Source records
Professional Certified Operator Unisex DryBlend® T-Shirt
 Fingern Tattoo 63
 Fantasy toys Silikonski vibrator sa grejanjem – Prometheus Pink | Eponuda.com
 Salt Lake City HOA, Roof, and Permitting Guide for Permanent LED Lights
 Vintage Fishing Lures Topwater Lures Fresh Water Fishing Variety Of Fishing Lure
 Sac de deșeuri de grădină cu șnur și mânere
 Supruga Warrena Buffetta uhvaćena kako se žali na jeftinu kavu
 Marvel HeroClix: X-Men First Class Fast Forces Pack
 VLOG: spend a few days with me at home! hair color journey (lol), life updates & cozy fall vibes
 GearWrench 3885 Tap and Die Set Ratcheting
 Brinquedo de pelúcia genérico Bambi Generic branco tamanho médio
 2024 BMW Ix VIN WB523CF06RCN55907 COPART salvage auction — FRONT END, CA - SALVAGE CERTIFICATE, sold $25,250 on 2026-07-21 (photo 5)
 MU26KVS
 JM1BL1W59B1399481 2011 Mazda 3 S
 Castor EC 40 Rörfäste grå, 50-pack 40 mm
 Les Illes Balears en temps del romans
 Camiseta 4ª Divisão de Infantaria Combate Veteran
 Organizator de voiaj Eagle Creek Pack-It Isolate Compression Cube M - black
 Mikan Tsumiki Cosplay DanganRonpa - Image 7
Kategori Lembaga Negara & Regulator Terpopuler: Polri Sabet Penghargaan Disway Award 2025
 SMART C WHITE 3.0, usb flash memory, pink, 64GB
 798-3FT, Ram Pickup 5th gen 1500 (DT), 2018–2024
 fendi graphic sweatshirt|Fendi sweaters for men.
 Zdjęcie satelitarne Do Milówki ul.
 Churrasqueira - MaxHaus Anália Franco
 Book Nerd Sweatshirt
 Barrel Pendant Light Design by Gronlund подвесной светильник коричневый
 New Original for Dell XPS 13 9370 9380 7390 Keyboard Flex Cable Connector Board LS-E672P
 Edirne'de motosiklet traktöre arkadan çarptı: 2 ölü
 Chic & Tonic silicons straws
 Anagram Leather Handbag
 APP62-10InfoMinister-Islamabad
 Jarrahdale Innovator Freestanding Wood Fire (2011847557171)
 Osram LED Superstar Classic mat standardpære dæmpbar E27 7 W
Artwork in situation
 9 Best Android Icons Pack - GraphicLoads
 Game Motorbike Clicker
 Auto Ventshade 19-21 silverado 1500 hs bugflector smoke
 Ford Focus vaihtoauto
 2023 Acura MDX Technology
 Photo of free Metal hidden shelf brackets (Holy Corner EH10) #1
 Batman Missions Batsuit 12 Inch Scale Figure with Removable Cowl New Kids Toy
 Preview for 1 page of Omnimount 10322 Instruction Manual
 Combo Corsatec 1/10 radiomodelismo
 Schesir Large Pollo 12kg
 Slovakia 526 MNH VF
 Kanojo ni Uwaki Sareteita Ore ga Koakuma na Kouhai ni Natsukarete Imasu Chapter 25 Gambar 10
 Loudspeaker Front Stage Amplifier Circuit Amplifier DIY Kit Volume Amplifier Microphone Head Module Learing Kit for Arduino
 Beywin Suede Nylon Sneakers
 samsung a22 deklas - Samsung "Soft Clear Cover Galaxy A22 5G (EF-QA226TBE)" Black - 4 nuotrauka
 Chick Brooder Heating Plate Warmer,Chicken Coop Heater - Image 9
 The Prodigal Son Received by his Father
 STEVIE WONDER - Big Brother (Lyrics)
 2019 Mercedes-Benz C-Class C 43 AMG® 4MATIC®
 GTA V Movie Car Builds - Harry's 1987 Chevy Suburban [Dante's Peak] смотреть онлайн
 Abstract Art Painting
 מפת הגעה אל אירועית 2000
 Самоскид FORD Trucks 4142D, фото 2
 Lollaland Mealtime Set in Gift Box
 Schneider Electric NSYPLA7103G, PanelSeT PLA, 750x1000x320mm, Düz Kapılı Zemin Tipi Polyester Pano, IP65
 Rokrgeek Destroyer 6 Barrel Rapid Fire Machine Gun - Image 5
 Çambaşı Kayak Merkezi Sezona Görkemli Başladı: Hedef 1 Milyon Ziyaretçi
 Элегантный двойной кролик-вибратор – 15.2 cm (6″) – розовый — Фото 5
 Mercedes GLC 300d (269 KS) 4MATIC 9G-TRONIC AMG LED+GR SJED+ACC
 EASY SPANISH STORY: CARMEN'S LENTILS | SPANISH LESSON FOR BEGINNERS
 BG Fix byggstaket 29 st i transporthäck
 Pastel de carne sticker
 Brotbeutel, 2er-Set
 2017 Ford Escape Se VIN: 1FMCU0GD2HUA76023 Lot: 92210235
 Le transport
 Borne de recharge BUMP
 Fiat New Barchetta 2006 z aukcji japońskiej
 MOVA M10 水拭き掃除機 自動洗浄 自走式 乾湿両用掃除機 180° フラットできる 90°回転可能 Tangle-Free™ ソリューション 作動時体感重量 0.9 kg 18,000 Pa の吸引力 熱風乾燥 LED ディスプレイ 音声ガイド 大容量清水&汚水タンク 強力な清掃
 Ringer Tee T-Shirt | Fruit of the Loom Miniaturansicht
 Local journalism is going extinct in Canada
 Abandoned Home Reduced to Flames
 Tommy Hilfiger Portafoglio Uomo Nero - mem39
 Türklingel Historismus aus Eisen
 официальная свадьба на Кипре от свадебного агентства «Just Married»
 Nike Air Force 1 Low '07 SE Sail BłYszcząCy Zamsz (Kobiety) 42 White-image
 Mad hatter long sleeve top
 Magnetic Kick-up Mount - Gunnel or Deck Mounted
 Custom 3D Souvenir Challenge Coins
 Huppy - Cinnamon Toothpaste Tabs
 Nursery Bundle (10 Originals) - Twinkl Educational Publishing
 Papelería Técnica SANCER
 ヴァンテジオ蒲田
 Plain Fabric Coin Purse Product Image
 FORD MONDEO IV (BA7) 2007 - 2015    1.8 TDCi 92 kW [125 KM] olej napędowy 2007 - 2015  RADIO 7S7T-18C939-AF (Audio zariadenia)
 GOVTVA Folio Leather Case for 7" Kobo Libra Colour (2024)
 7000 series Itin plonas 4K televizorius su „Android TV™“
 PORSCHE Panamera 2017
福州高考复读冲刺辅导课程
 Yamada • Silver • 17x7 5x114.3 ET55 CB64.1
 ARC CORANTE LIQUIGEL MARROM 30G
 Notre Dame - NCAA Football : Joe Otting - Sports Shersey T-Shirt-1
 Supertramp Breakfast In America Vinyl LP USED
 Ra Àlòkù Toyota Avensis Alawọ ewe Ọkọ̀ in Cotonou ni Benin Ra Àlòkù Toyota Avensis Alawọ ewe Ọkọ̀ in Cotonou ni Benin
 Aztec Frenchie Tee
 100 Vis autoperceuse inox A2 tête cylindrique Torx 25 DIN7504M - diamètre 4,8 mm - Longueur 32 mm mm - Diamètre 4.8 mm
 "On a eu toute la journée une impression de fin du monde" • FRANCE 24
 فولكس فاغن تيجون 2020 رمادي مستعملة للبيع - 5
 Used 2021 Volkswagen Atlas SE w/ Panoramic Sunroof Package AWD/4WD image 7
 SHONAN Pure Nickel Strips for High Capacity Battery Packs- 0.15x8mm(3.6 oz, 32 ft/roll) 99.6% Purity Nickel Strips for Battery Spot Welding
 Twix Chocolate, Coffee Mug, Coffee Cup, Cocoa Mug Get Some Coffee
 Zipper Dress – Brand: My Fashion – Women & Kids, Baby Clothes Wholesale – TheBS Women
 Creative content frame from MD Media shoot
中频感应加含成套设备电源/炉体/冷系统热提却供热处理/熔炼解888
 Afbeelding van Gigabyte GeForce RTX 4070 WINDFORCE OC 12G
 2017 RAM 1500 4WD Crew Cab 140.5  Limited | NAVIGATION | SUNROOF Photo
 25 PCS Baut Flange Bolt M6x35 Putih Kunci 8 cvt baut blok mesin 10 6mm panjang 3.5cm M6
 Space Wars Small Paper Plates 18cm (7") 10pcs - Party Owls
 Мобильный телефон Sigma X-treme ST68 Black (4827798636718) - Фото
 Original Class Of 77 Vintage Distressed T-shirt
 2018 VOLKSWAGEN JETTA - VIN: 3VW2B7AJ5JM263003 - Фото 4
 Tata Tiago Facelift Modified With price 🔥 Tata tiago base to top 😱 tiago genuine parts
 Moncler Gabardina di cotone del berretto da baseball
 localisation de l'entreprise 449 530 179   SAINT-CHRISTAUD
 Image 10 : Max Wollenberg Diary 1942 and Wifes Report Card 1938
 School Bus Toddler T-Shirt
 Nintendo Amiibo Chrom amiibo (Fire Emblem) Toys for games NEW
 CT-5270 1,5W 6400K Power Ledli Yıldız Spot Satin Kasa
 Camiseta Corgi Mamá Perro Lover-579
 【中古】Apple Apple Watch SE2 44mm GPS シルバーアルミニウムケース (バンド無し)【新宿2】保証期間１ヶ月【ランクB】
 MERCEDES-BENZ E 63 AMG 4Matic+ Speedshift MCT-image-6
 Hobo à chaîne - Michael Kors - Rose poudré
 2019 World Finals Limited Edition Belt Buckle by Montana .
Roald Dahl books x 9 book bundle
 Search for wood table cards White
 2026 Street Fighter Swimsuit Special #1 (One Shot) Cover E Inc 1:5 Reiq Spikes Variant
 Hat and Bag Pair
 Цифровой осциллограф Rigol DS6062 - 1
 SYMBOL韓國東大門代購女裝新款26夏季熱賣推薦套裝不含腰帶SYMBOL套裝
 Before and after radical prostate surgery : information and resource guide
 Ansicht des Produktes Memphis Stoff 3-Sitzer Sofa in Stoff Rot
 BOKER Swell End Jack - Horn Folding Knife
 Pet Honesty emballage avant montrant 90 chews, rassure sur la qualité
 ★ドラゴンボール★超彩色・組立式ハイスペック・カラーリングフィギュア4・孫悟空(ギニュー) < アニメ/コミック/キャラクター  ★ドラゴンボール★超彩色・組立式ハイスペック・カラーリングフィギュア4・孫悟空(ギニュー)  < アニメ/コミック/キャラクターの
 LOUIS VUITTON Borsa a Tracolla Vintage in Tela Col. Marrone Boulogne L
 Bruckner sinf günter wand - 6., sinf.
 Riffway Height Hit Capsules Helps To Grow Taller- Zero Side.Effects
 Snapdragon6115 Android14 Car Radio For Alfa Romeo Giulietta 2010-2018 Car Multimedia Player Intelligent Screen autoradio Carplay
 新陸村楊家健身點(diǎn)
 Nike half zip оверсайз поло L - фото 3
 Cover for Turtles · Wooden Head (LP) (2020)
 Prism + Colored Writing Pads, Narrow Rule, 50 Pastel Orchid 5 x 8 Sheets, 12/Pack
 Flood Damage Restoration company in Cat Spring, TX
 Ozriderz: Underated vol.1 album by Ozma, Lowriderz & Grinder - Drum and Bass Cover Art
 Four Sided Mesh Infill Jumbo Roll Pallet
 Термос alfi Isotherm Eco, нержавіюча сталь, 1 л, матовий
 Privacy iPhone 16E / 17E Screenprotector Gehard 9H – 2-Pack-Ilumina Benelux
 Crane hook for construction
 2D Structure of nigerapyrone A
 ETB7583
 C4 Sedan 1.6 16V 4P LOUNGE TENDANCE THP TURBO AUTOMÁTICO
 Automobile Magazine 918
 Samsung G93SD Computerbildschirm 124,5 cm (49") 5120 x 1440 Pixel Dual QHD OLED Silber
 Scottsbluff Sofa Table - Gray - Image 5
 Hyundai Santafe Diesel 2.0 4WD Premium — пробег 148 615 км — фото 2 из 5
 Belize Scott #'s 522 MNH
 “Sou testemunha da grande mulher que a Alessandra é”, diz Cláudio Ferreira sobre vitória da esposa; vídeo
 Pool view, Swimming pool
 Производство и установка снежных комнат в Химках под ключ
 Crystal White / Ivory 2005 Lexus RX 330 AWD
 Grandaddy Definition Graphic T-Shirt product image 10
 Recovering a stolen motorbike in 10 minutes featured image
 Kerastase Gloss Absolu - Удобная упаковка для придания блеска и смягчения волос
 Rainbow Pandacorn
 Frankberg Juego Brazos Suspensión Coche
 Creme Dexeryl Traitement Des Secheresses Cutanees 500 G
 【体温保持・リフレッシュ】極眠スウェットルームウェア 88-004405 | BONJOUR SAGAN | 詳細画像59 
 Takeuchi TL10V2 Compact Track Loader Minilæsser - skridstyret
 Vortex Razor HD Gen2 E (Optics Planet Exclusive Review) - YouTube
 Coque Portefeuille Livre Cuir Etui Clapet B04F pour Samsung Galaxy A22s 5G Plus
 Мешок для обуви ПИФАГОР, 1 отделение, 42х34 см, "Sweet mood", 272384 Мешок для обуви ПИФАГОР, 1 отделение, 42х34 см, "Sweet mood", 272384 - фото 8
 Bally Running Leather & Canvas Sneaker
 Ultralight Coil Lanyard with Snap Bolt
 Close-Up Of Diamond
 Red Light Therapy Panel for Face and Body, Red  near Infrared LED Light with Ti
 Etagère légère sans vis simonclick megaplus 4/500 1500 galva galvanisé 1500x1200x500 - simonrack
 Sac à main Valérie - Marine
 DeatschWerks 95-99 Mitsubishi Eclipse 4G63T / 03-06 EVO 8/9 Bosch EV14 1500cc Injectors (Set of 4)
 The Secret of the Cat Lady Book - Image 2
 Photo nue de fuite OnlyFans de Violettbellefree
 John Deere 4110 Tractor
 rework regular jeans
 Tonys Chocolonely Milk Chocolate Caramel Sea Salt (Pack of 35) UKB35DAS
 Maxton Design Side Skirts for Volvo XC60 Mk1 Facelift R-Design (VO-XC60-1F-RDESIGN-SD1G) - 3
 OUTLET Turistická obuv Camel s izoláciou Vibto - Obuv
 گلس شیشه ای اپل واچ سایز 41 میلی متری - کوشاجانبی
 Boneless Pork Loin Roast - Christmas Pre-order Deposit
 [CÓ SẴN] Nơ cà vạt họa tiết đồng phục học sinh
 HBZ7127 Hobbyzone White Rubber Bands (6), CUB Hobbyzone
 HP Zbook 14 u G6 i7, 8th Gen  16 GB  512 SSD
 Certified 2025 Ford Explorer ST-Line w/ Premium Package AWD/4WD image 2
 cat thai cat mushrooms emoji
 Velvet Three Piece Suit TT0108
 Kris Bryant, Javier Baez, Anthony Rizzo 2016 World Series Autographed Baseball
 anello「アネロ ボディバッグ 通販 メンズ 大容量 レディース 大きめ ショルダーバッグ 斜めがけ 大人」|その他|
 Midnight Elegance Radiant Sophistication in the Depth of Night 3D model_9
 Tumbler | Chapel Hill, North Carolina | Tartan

▸ **ACTIVITY**: I need every line of the data that has the word "Premium"; please list them.

▸ **REPLY**:
 Hyundai Santafe Diesel 2.0 4WD Premium — пробег 148 615 км — фото 2 из 5
 Certified 2025 Ford Explorer ST-Line w/ Premium Package AWD/4WD image 2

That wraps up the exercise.